Democracy in Mozambique?

Only now, since I've been home for a week or so, have I been able to really articulate my feelings or describe my observations. When people ask, How was the trip? I never can really say. Of course it was amazing, but to just say that doesn't tell anyone how the trip really was.

I was in Matola, in Maputo providence, for election day. Since returning home, I’ve gone over my notes and observations trying to get a grasp on my personal account of Mozambique’s 2009 elections. I’m trying to piece together all that I saw in order to make a story of it.

What is my election day story?

Pre-election day, while at Universidade Eduardo Mondlane, I noticed that there were no campaign materials hanging around campus. Goba had previously explained to us that the entire administration was composed of Frelimo members, as it is a requirement for upward mobility within Mozambican academia. Considering this, I was surprised that the campus wall space had not been colonized by Frelimo, as the rest of Maputo had. At Wayne, the campus had election materials everywhere during this past election. Wouldn’t the parties in Mozambique want to target people under 25, to gain support of Mozambique’s largest age cohort?
I asked the director of the law school if Eduardo Mondlane had banned campaigning on campus. He replied, no, they had not banned it- there simply was just no need to campaign on campus. I didn’t fully understand until the end of the interview. He introduced us to all the directors-past, via the portraits that hung on the opposite wall.

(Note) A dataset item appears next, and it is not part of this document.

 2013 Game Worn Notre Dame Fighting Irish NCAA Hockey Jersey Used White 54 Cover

Each had left their post as Director of the Law School at Universidade Eduardo Mondlane.when they received a high-ranking position within Frelimo.

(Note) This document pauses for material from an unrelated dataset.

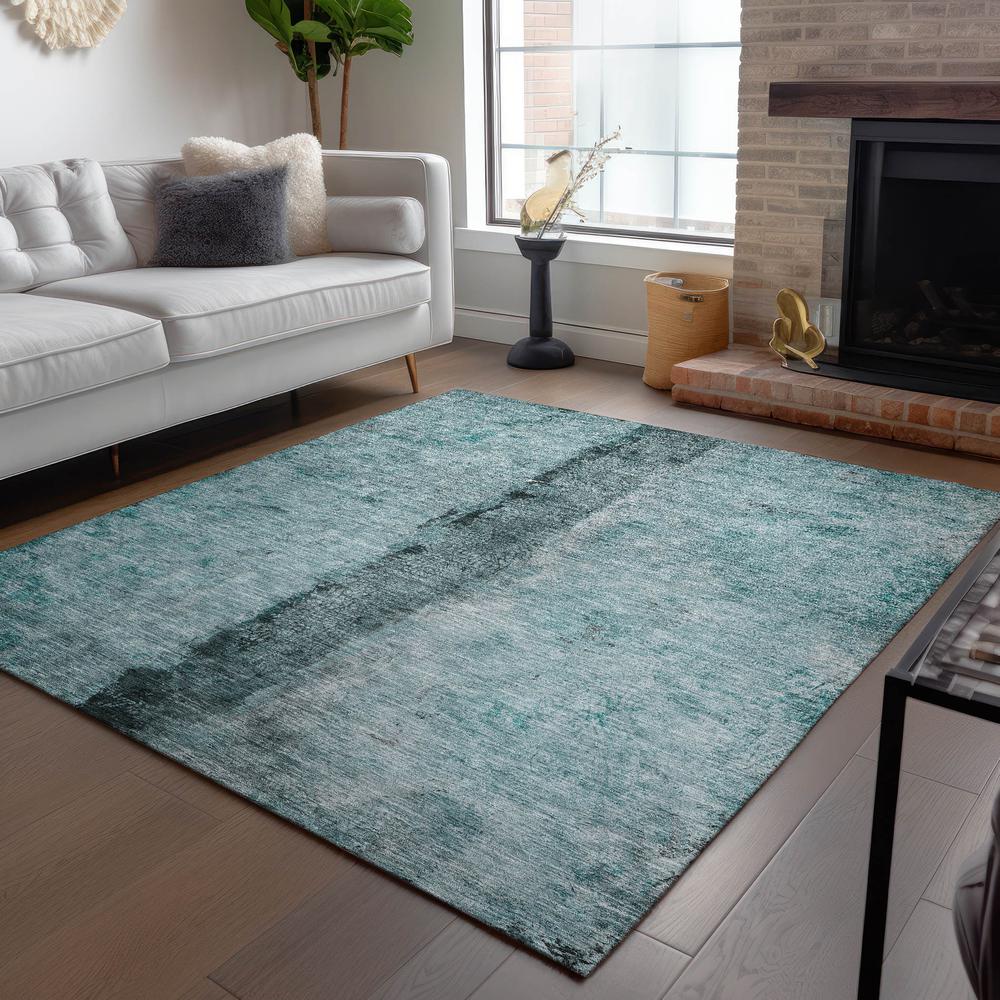 Chantille ACN605 Teal 3' x 5' Rug. Picture 7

Experiences like this, and ones like watching Frelimo spend campaign finance used to rally children (the voters of 2019), lead me to believe that Frelimo is not worried about persuading the voters of 2009. It was like a through-the-roof confidence level of victory.

On actual election day, the observation that interested me most was the level of secrecy that Mozambicans held the vote to. I was told a number of times by respondents that their candidate of choice was a secret. Those who actually admitted to favoring MDM (2 people and 2 different locations), did so only while the camera was off. Once we started taping, the two men both took the chance to either praise Frelimo, or to insist that Frelimo had provided for them. Why did these men choose to trust us, but not our camera, with the truth?

My observations of democracy in Mozambique was mainly impacted by what I saw at the university level. My group saw a certain level of censorship that prevented us from really hearing what it was the students thought about Frelimo. We did hear frustrations about the "government," but nothing party specific. It could be that the government just means the whole network of leadership that has frustrated the students... or it could be that not one other party has run Mozambique since the 1975 revolution. What happens to people who openly oppose that party? I'm sure life (and careers) become just a little harder for that individual. At least that's the impression I got at Eduardo Mondlane.